#### RECORDS SUPPLIED:
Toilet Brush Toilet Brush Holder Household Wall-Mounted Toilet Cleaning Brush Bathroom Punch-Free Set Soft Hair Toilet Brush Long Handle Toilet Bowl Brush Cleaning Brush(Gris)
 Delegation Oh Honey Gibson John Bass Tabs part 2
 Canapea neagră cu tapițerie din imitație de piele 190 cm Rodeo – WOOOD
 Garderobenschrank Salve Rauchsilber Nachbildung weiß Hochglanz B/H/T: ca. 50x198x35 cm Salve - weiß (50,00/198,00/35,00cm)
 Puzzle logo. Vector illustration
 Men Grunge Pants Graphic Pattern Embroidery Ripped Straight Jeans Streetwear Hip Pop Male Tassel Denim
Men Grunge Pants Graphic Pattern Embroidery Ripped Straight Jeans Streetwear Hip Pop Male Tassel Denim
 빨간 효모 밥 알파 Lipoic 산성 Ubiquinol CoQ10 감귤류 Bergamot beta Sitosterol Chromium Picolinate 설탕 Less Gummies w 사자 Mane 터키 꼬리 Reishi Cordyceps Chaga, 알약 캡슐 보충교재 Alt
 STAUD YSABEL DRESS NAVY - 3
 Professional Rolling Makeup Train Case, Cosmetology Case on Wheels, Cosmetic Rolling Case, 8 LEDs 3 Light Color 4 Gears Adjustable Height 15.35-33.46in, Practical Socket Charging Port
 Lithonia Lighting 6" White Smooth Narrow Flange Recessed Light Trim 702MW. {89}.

#### WORK TASK:
Wherever a line in the entries holds "Ripped", copy that line.

#### SOLVED EXERCISE:
 Men Grunge Pants Graphic Pattern Embroidery Ripped Straight Jeans Streetwear Hip Pop Male Tassel Denim
Men Grunge Pants Graphic Pattern Embroidery Ripped Straight Jeans Streetwear Hip Pop Male Tassel Denim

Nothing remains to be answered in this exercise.